Katyal argued before the Supreme Court on Tuesday that the ATS doesn’t apply to the lawsuit because the alleged damage “occurred halfway across the globe.”

Chief Justice John Roberts responded skeptically.

“Mr. Katyal, in this case, no foreign country has objected to the United States hauling its own citizens into its courts,” Roberts said. “And why should we be cautious in terms of international relations in such a case? And what objection would foreign countries have to ensuring that U.S. corporations follow customary international law?”

Attorney Paul Hoffman argued on behalf of the respondents to the petition.

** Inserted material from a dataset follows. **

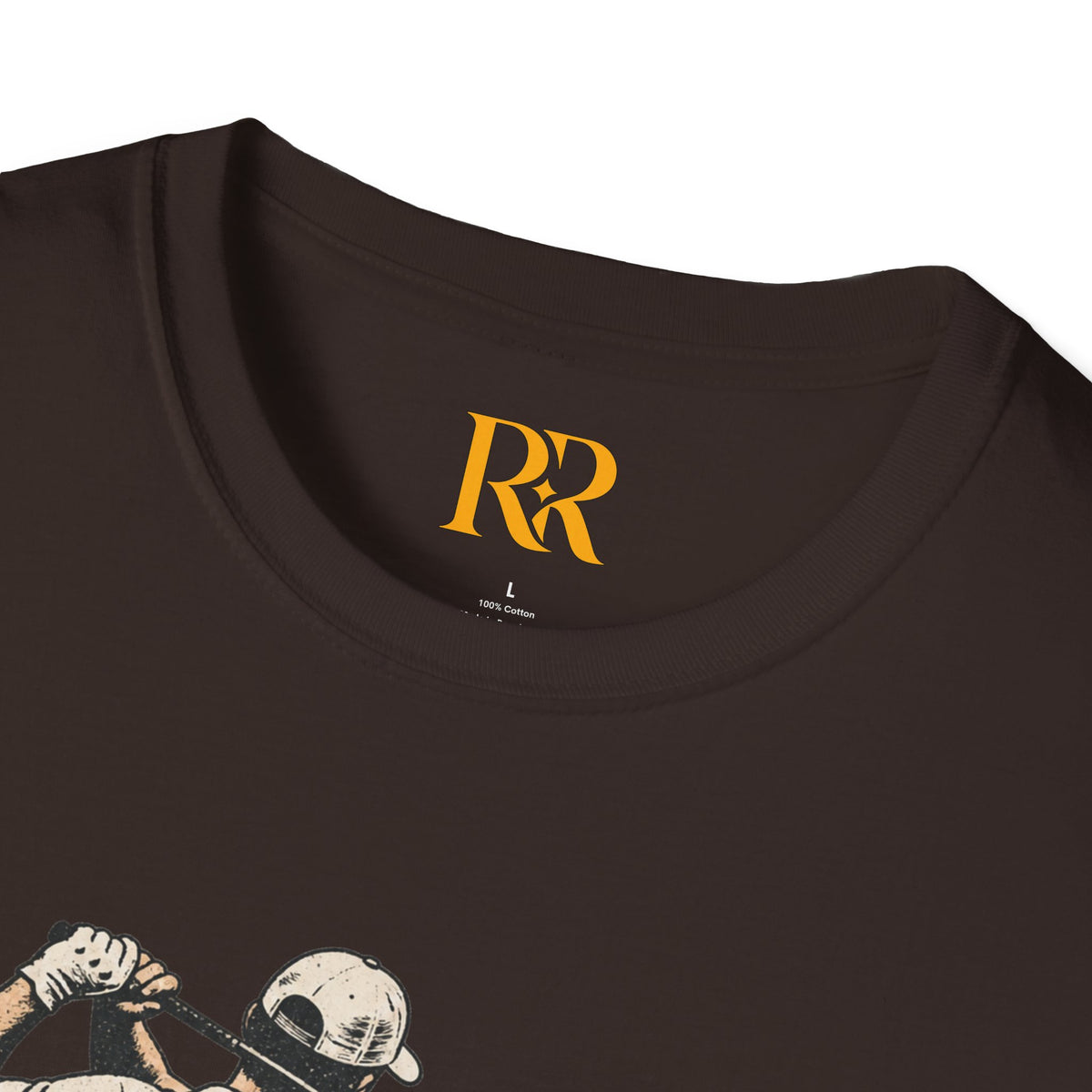 Vintage Golfer Sunset Fairway T-Shirt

“Plaintiffs are former child slaves seeking compensation from two U.S. corporations, which maintain a system of child slavery and forced labor in their Ivory Coast supply chain as a matter of corporate policy to gain competitive advantage in the U.S. market,” Hoffman said. “International norms prohibiting child slavery and forced labor are indisputably specific, universal, and obligatory. The norms apply directly to private parties, including corporations.”

Hoffman accused the companies of aiding and abetting the human rights violations. Hoffman added that small and mid-sized chocolate companies such as Tony’s Chocolonely do business without facilitating child slave labor in the Ivory Coast.

Charity Ryerson, an attorney for Corporate Accountability Lab, who traveled to Africa to probe cocoa practices, noted that Tony’s Chocolonely pays higher prices and takes extra caution to make sure its cocoa suppliers do not rely on child labor, and the extra costs make it hard for them to compete.

Katyal argued that a universal norm on aiding and abetting did not exist.

“Could you set aside for me why you think international law — there’s not an international law against aiding and abetting something as hideous as child slavery?” Justice Sonia Sotomayor asked petitioners.

Deputy Solicitor General Curtis Gannon, supporting petitioners, cited Central Bank of Denver, a lower court case recognizing primary civil liability did not extend to aiding and abetting.